Substituting the values into the decay equation: $\frac{1}{20} = e^{-\lambda t}$,which implies $20 = e^{\lambda t}$.
Taking the natural logarithm on both sides: $\ln 20 = \lambda t$.
Converting to base $10$ logarithm: $2.303 \log_{10} 20 = \lambda t$.
Given $\log_{10} 20 = \log_{10} (2 \times 10) = 0.3010 + 1 = 1.3010$.
Substituting $\lambda = \frac{0.6931}{3.8}$ and $\log_{10} e = 0.4343$,we use the relation $\ln x = 2.303 \log_{10} x$ or $\lambda = \frac{0.6931}{T_{1/2}}$.
$t = \frac{\ln 20}{\lambda} = \frac{2.303 \times 1.3010 \times 3.8}{0.6931} \approx 16.43 \ days$.
Rounding to the nearest provided option,$t \approx 16.5 \ days$.

(C) Let $N_0$ be the initial amount of radioactive isotope $X$.
After some time $t$,the amount of $X$ remaining is $N_X$ and the amount of $Y$ formed is $N_Y$.

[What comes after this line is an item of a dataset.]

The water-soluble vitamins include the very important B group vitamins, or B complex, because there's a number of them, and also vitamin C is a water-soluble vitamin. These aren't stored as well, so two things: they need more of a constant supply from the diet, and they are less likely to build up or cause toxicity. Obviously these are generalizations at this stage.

Given the ratio $N_X : N_Y = 1 : 7$,the total amount of substance is $N_X + N_Y = N_0$.
Thus,$N_X = \frac{1}{1+7} N_0 = \frac{1}{8} N_0$.
Using the radioactive decay law,$N_X = N_0 (\frac{1}{2})^n$,where $n$ is the number of half-lives.
$\frac{1}{8} N_0 = N_0 (\frac{1}{2})^n \implies (\frac{1}{2})^3 = (\frac{1}{2})^n \implies n = 3$.
The age of the rock $t = n \times T_{1/2} = 3 \times 1.37 \times 10^9$ years $= 4.11 \times 10^9$ years.